The articles collected in South of Tradition were written and rewritten over a period of fourteen years. As Harris-Lopez asserts, they "were not written originally with any deliberate thematic continuity in mind" (vii). Consequently, the book presents contributions on a wide variety of texts and authors. The "South" in the book's title should, incidentally, not be taken too literally. While most of the authors discussed in the essays stem from below the Mason-Dixon line, others-Ann Petry, for example-do not. What connects the pieces to each other and the South is, as Harris-Lopez asserts, a "focus on the South and southern African American folk and cultural traditions, reconceptualizations of and transcendence of Christianity, questions of racial and sexual identity, and issues of racial justice" (vii-viii).
Another common feature of the articles in the anthology is that they were originally written as conference papers, not geared for publication.
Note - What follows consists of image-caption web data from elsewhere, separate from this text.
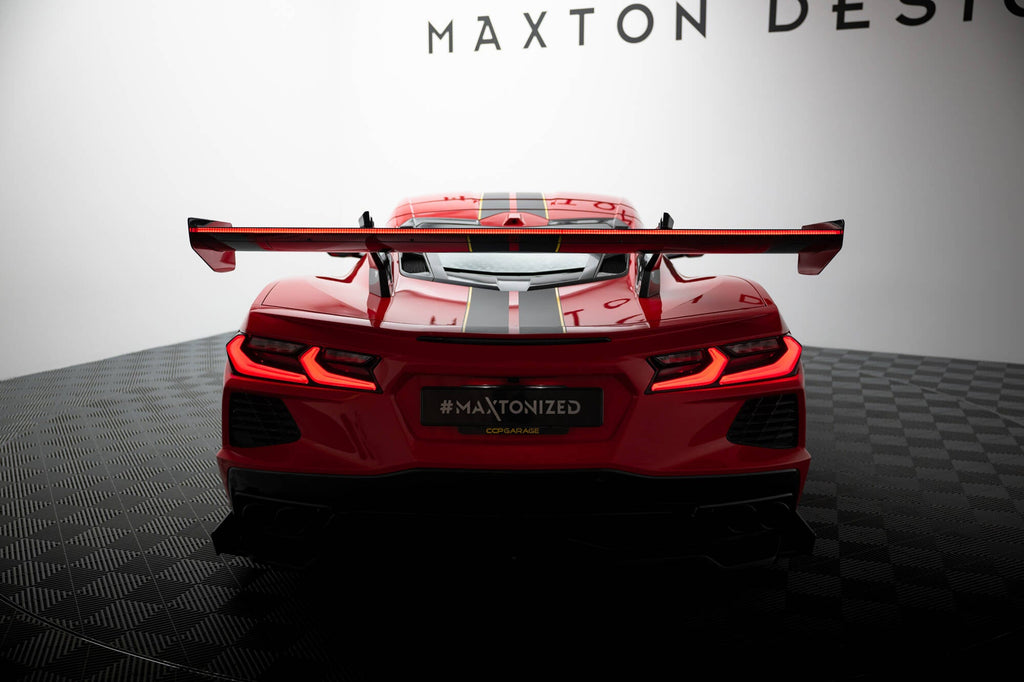 MAXTON DESIGN Carbon Spoiler + LED Chevrolet Corvette C8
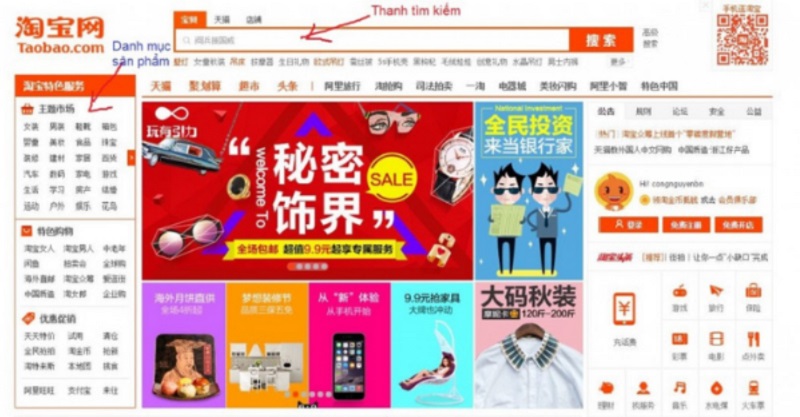 cách order quần áo taobao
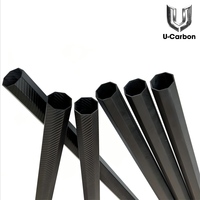 Tube rond en fibre de carbone 3K de précision, diamètre extérieur de 1 mm à 8 mm, paroi ultra-fine pour flèches, accessoires de tir à l'arc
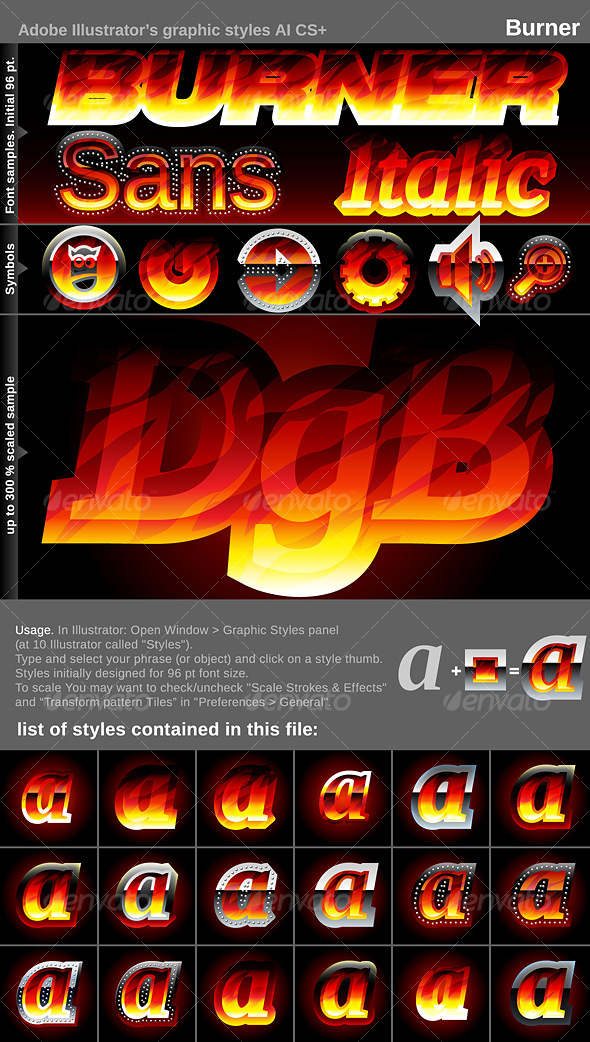 GraphicRiver Illustrator Graphic Styles Burner 103907 GraphicRiver Illustrator Graphic Styles Burner 103907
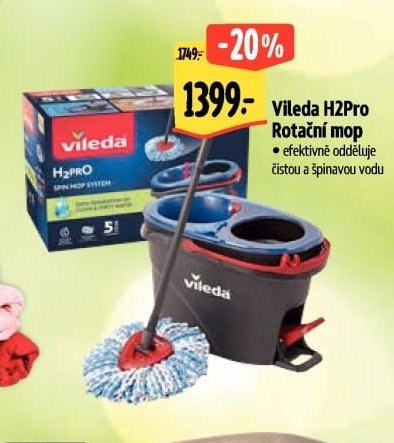 Vileda H2Pro Rotační mop - Albert aktualniletaky.eu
That format means that Harris-Lopez is frequently less concerned with discussing previous critical work and more with presenting texts. This fact has significant consequences for the essays. Much space is taken up by retelling the plots of the novels with little attention paid to critical analysis.
What makes South of Tradition interesting is the selection of texts. Alice Walker's The Color Purple — scrutinized for its humorous aspects — James Baldwin's Giovanni's Room, and Ralph Ellison's Invisible Man are among the classics of the genre, but other texts are among the lesser known. Harris-Lopez's presentation of William Melvin Kelley's A Different Drummer and Henry Dumas's story "Ark of Bones" add aspects of African American literature not commonly read about.
Harris-Lopez's discussion of Ralph Ellison's posthumously published novel Juneteenth demonstrates one of the problems frequently found in South of Tradition. Juneteenth is a highly complex novel that defies the idea of brief summarization. Harris-Lopez attempts to go beyond mere summary and arrives at the conclusion that the language used by the main characters "ultimately becomes unreliable as a medium of explanation or communication" (193). Unfortunately, the presentation format does not allow Harris-Lopez sufficient space to substantiate her statements. The otherwise intriguing essay on William Melvin Kelley's A Different Drummer is equally hampered by the presentation format. The article makes no mention of any previous critical work on Kelly, who-since he is probably unknown to most readers-would deserve more of an introduction.
South of Tradition makes refreshing reading as an introduction to issues in African American literary studies beyond the immediate mainstream. Unfortunately, however, the book presents little more than that.